"The critic is who can translate into another manner
or a new material his impression of beautiful things.

The highest, as the lowest, form of criticism is a mode of
autobiography".
WILDE, Oscar.

dilluns, 22 de juny del 2009

Amor y añicos II


“Sabes, nunca imaginé que el amor fuese tan imperfecto y tu tan perfecta”, dijo Harry con media sonrisa. “Vaya, porqué sé que esto irá directamente a tu nuevo guión, porqué sino me lo creo y me enamoro de ti”, contestó la chica con ojos irónicos. Harry volvió a sonreír, pero no sabía exactamente como tomarse el comentario. Se mordió el labio inferior y la miró de reojo. ¿Sería verdad que al fin habría perdido su credibilidad con sus propias frases cinéfilo-románticas? Seguramente. Su leve esperanza se había congelado con el hielo del café macchiato. Ah, qué escalofrío. Quería que ella le creyera. Lo necesitaba. Desde aquel día tan surrealista, tan cinematográfico, en el Bracafé, que lo quería. Habían compartido sonrisas y una curiosa charla. Luego habían intercambiado algún guión y alguna idea después de una buena dosis de cine. Hasta le había ayudado a olvidar su anterior desastroso romance. Pero por Dios, era la guionista más escéptica que había conocido nunca. Veían el mundo al revés. Harry, ensimismado en su mundo ficcional. Ella, ni se creía ya sus propias frases adornadas contra el convencialismo emocional. Así que, ¿quería convenciones? Vaya. Harry no las tenía. Fantástico.
Pasó cierto tiempo. Guiones, citas frustradas y de pronto, aquel día. Sí, se acordaría siempre. Harry y ella. Ella y Harry. En un café del puerto. Terraza al viento, dos capuchinos y ese guión redondo. Harry le leyó lentamente su guión:
“All you need is Acid Jazz”. Le dijo él a ella al oído. “Eh, óyeme bien, te quiero a mí lado. Sí, aquí, cogiéndome de la mano”. Susurró ella con un cigarrillo al regaliz. “Mira, esa nube sarcástica nos avisa que no tenemos tiempo”, contestó él. “Ah, qué fastidio: el regaliz me ha dejado ese gusto tan amargo. El de despedida. Corre, acércate, quítamelo y llévame contigo aunque no puedas”. “Pero, ¿recordarás este cóctel de mariposas en el estómago y regaliz?”, preguntó él. “Depende. Porqué yo me quedo aquí, Acid Jazz y con regusto suave. All you need is me”.
Harry suspiró al terminar de leer el final, mirándola expectante. Ella se quedó muy seria. Demasiado. Harry ahora podía entender las mariposas en el estómago. Sus manos se rozaron. Después sus labios de café. Él sonrió y pensó en su película favorita. Al final Harry había encontrado a Sally.

dijous, 4 de juny del 2009

Amor y añicos.



"Y ni tu lado más bueno hará que yo cambie mi peor lado. Porqué tu me amas así y yo sin embargo, no te amo ni con tus defectos ni con tu lado bueno. Esto es lo que hay". Harry se cubrió el rostro para esconder la rabia que le subía traidora por el cuello, no quería mirarla. Le había dolido, sí, ella siempre con su adorable rudeza. ¿Y él qué? Adiós, muy buenas. Qué fugaces podían ser las relaciones, ¿no? ¿Qué maldito sentido tenían ahora todos los cafés compartidos en múltiples recónditos lugares de su mundo compartido? Añicos. Los dos compartidos lo habían compartido casi todo. Ah, que palabra más amarga. Se juró a sí mismo que la borraría de su diccionario personal, durante tres años reducido al estúpido juego del amor, para más creces.
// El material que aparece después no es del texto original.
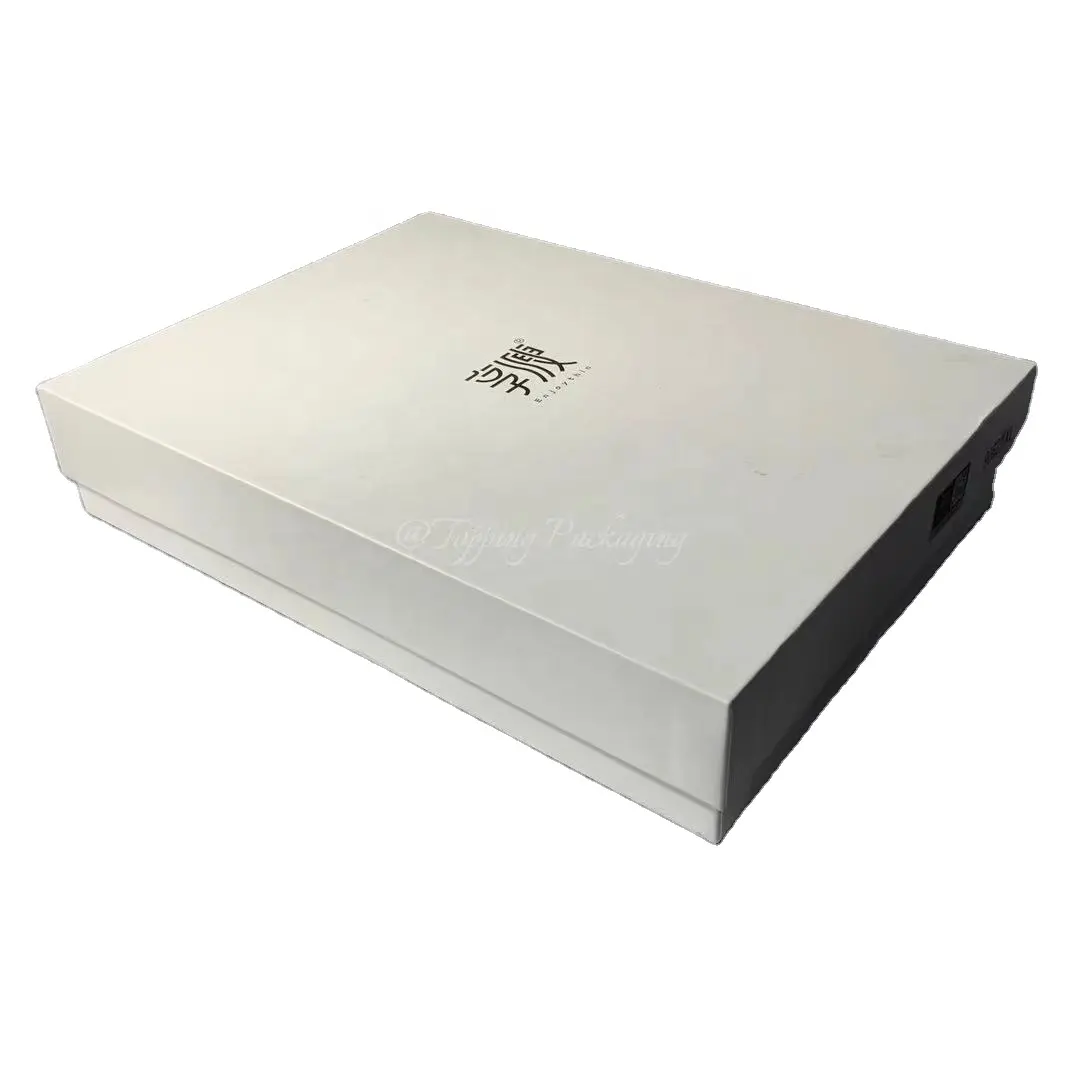 Caja de lujo con tapa y Base, embalaje con logotipo personalizado, envío de ropa negra, caja de correo corrugada para cuidado Personal y ropa interior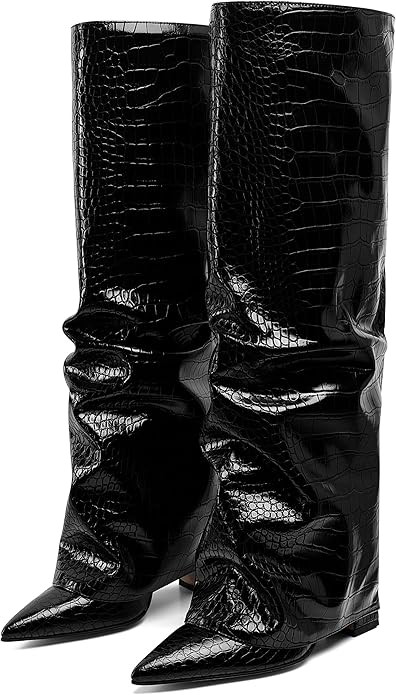 Synchoiss Womens Knee High Boots Wide Calf Chunky High Heel Boots Fashion Fold Over Boot Pointed ... | Amazon (US)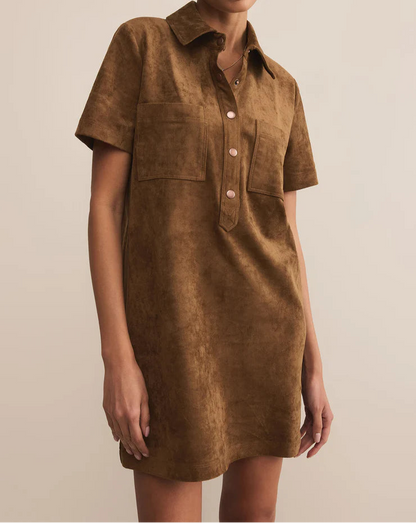 Sydney Suede Mini Dress - Brazos Avenue Market 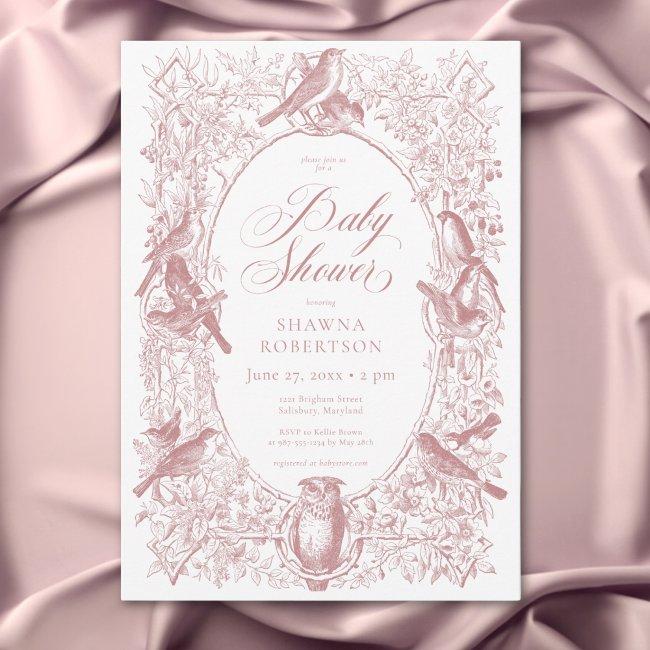Elegant Pink Chinoiserie Nature Birds Baby Shower Invitation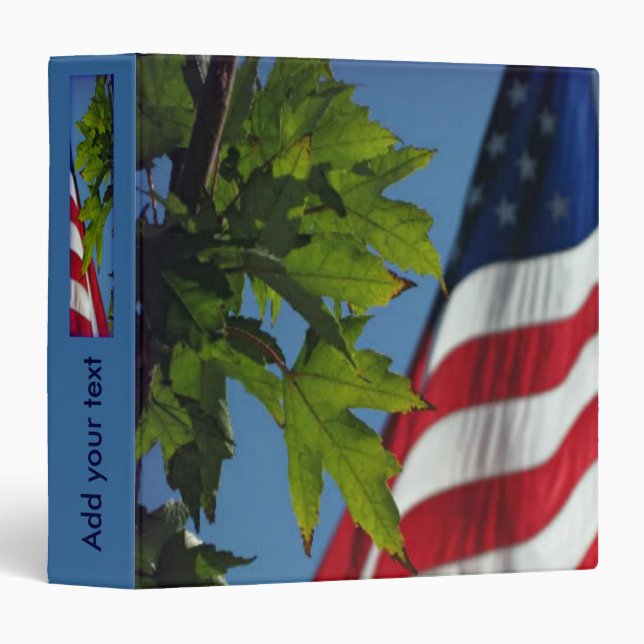 Patriotic American Flag Binder (Front/Spine)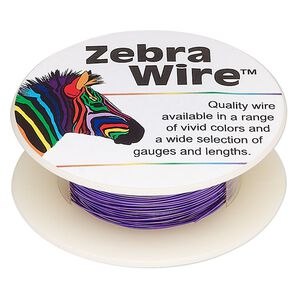 Wire, Zebra Wire™, color-coated copper, violet, 26 gauge. Sold per 30-yard spool.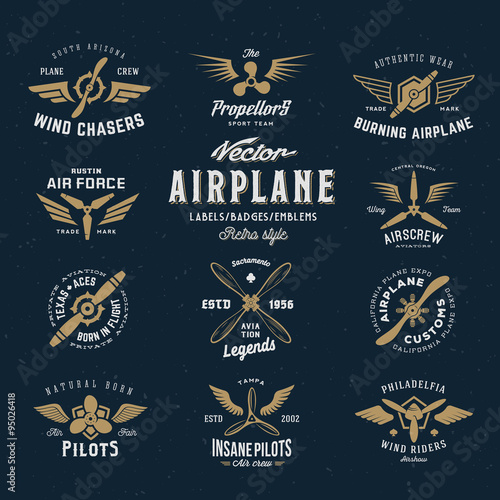 Vintage Vector Airplane Labels Set with Retro Typography. Shabby Texture on Blue Background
Ahora esas palabras le sonaban lejanas y ajenas. ¿Podría olvidarla tan fácilmente? ¡Qué ilusión la ilusa confianza del corazón roto que se ilusiona con el pasado!
Ella pasó de él durante seis meses a partir del mismo momento que con su perfume de orgullo casi sublimado salió por la puerta del Bracafé. Ni las llamadas ni las visitas frustadas hicieron milagros, sólo cuadros ridículos dignos de Boucher. La paradoxal unión de dolor y libertad estaban servidos. Harry, con su letargia y para colmo su falta de energía, empezó a desesperarse. Volvía una y otra vez a los lugares ex-compartidos. Desastre.
Pero como todo final feliz, esperado, anhelado, y quizás ligeramente torpe: chico solo desesperado encuentra chica que aparece cinematográficamente en el momento más oportuno. Harry, Bracafé y varias miradas prometedoras. Sí, podemos decir: que absurdidad a veces los encuentros dignos de melodrama romántico cinéfilo. Pero qué más da: que grata puede llegar a ser la absurdidad de momentos como esos. ¿Por qué no?